白璃是陳澤的女朋友,按道理,她應該站在陳澤的一邊。
可是看著陳澤被不勝其擾的樣子,她有點想要笑,彆人求都求不來的好事,她這男朋友倒好,唯恐避之不及。
有那麼怕人嗎?
有,還真有。
“大意了,早知道會讓這幫披著學術的官僚,如同聞到了血腥味的鯊魚似的,一股腦的衝過來,要是換個論文題目就好了。”
陳澤不想在學校裡繼續待上好幾年。
求學,對他來說毫無意義。
至於說管理,本來就會的東西,為什麼要去學?
再說了,管理真正的高端局,不是手段和能力,而是眼界和圈子,什麼樣的圈子,證明你能接受什麼樣的理念。

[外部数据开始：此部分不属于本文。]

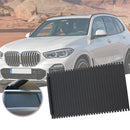 1998-2006 Center Console Slide Cover Stowage Compartment Roller Blind for X5 E53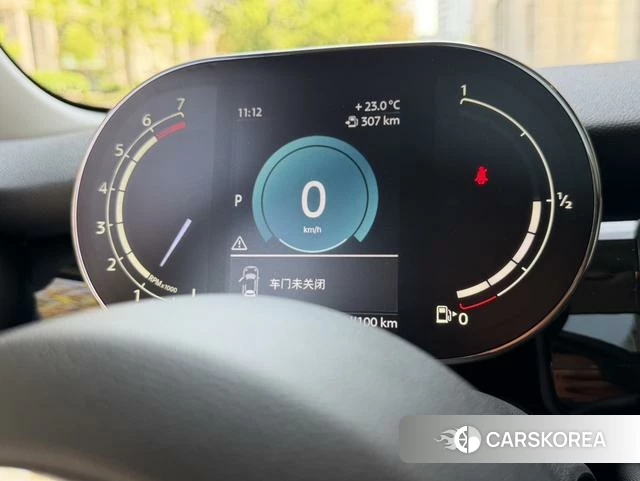 MINI MINI 2023 Белый из Китая, фото 3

就像是小作坊,用什麼‘5s、‘6s’之類的管理方法,都沒什麼用。
就兩三個工人,工資才是核心,才是關鍵。
隻有付出最低的工資,得到最高的產量,才是老板目的。
而低工資和高負荷,必然引起工人怨氣,甚至一言不合就和老板乾架的員工大有人在,這時候談管理,不是扯淡嗎?
可以說,陳澤的人生,從成年開始,任何一個節點停止,都是完美的。
因為他跳過了艱苦奮鬥的過程,直接可以享受人生了。
不出意外的話,還是出了意外。
京大的一幫官僚,從陳澤的文章上嗅到名利,潑天的名利。
八十年代,當龐加萊猜想的研究陷入停滯的時候,無數的數學家冥思苦想,都無法從拓撲學中,找到開啟龐加萊猜想的答案。
其中有一個數學家瑟斯頓,將龐加萊猜想的證明之中,引入了幾何工具,用集合切割的辦法,切割三維流形,從而將龐加萊猜想的證明,推進到了一個新的高度。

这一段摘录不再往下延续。